**Work required**
The answer is the data repeated in full, with no pictures included.

**Dataset section**
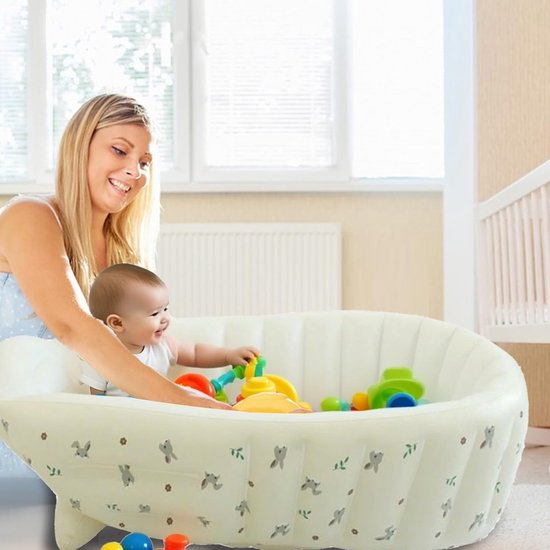 Baby Badje - Draagbaar Zwembadje - Veilig Baden - Verstelbare Ondersteuning - 90x55cm - Konijnenkop — afbeelding 5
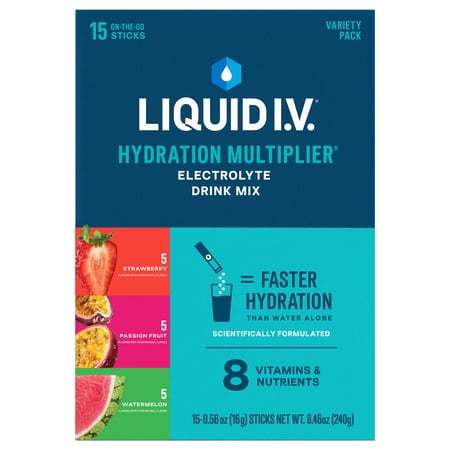 Liquid I.V.® Strawberry, Passion Fruit, and Watermelon Hydration Multiplier® Powdered Electrolyte Drink Mix, 15 Count Packets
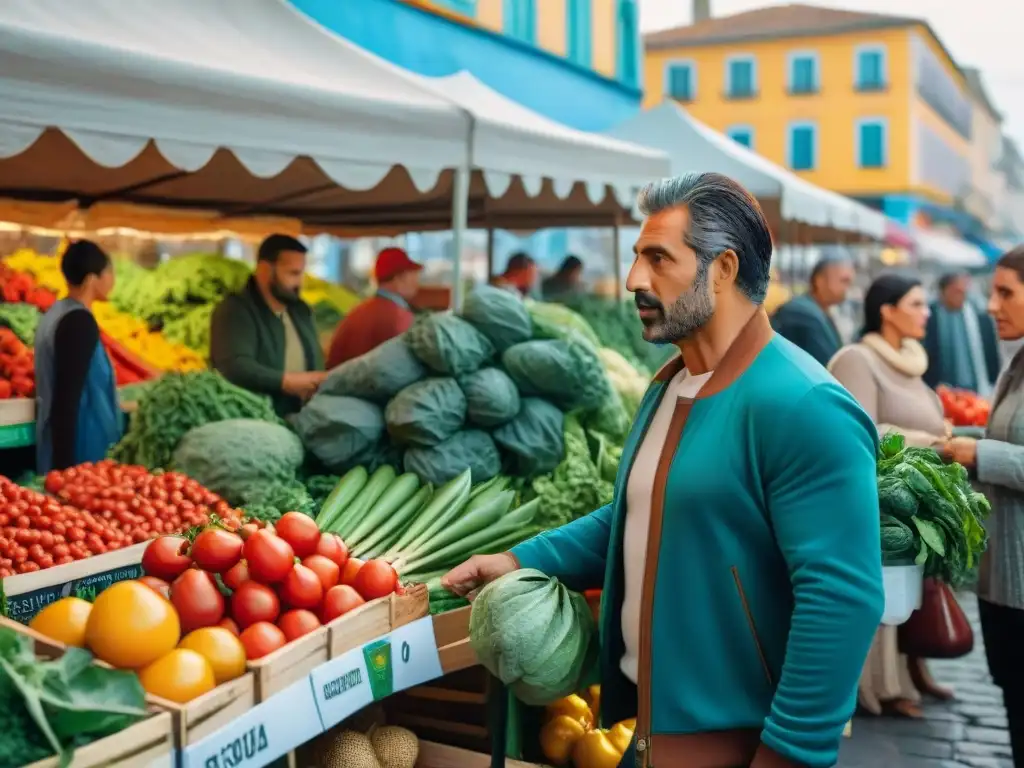 Grupo diverso comprando en mercado colorido de Uruguay, seleccionando frutas y verduras frescas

**Reply**
 Baby Badje - Draagbaar Zwembadje - Veilig Baden - Verstelbare Ondersteuning - 90x55cm - Konijnenkop — afbeelding 5
 Liquid I.V.® Strawberry, Passion Fruit, and Watermelon Hydration Multiplier® Powdered Electrolyte Drink Mix, 15 Count Packets
 Grupo diverso comprando en mercado colorido de Uruguay, seleccionando frutas y verduras frescas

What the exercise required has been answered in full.